Gain: The gain is typically a dial found at the very top of the channel. Gain can be considered as something similar to volume, but is more technically how much signal power you want the sound board to receive (in decibels).
XLR: A 3-pin cable used in connecting the many sound devices together and to the sound board.
Pre: A small button generally found next to the dials for AUX 1 and AUX 2 output on a channel. When pressed, the audio will go straight from the input (mic) to the output connected to the AUX (generally the monitors), bypassing any EQ or mixing. When unpressed, any audio going to the AUX output will go through EQ and mixing.
EQ: Also known as equalization. EQ amplifies or reduces specific frequency levels. Typically, there are four knobs on an analog sound board; one to boost/cut high frequencies, one to boost/cut low frequencies, one to boost/cut mid-range frequencies, and one to adjust the specific mid-range frequency being boosted/cut.
Low Cut: A small button generally found next to the low frequency EQ dial on a channel. When pressed, the very low frequencies are cut. When unpressed, the very low frequencies are allowed through. When playing audio from a computer/phone, you will generally want to leave this button unpressed.
Pan: A dial generally located right above the fader on a channel. When there are AUX 1 and 2 outputs connected, turning the dial counte-clockwise or clockwise will send more sound to one or the other AUX outputs. When the dial is set at the 12 o'clock position, sound will be sent equally to the two AUX outputs.
Fader: The slider at the bottom of each channel. Used to adjust the overall output volume of that channel.
Solo: When this button next to the fader is pressed, only that channel will go through the connected "Phones" output. Plug in your headphones to better determine which input is causing feedback, or to EQ a specific channel.
DI: Direct-input is generally used to play audio from the computer or a phone. Connects an eighth-inch aux cord to an XLR cable.
SM58: The standard wired handheld mic, useful in all general situations. This mic is recommended for most a cappella groups, and any groups using instruments. Made by Shure.
KSM: A wired condenser mic typically used in more high quality a cappella settings.
Wireless Handheld: A generic SM wireless handheld mic. The receiver is connected to the soundboard using XLR. Can be reserved at the PAC Shop.
LAV: A generic SM wireless body mic. The receiver is connected to the soundboard using XLR. Can be reserved at the PAC Shop.
Monitor: The monitor is the generic term for the speakers on the stage level, pointing towards the performer(s). The monitor is used to help the performers hear themselves, especially for pitch and tempo (singers) and for music (dance).
Snake: The snake is a box typically found at the stage level, into which you can plug XLR cables.

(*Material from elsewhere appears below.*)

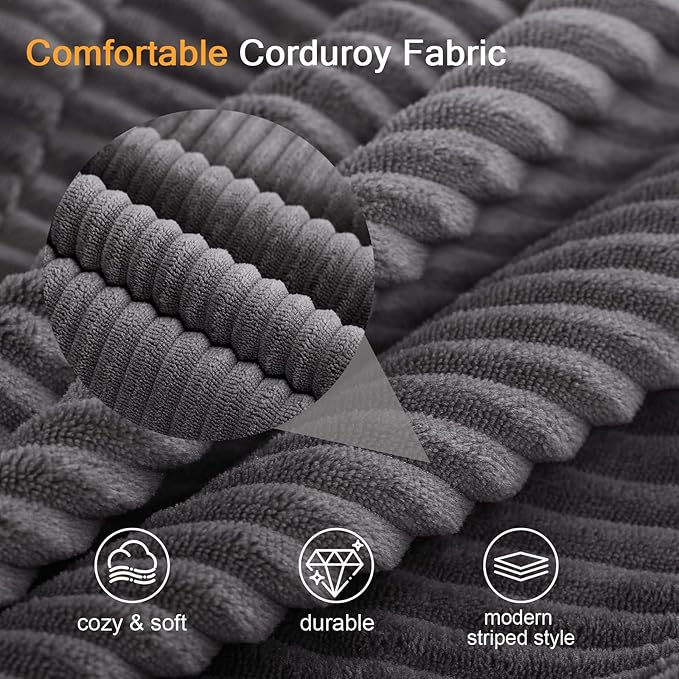 COMAX Futon Sofa Bed, Convertible Sofa Bed, Folding Boneless Couches | Boneless Couch for living room, 4‑in‑1 Fold Out Small Foldable Loveseat Floor Sleeper Mattress Lounge Space‑Saving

Each input on the snake will correspond to an XLR cable on the squid.
Squid: When a bunch of XLR cables are tied together, the end with each individual XLR cable looks a little bit like a squid head. This is typically the other end of the snake, and found near the sound board.
Feedback: When a mic picks up a sound, the sound is then amplified and output through speakers of some kind. If the mic then picks up the output that comes out of the speakers, which the speakers then amplify, and so on and so forth, a feedback loop is created. This is typically a loud, harsh-sounding noise of a specific frequency.
If there are any vocabulary that you think should be added to or edited in this list, please contact PAC-Exec.
Using an Analog Sound Board
Information to be added later.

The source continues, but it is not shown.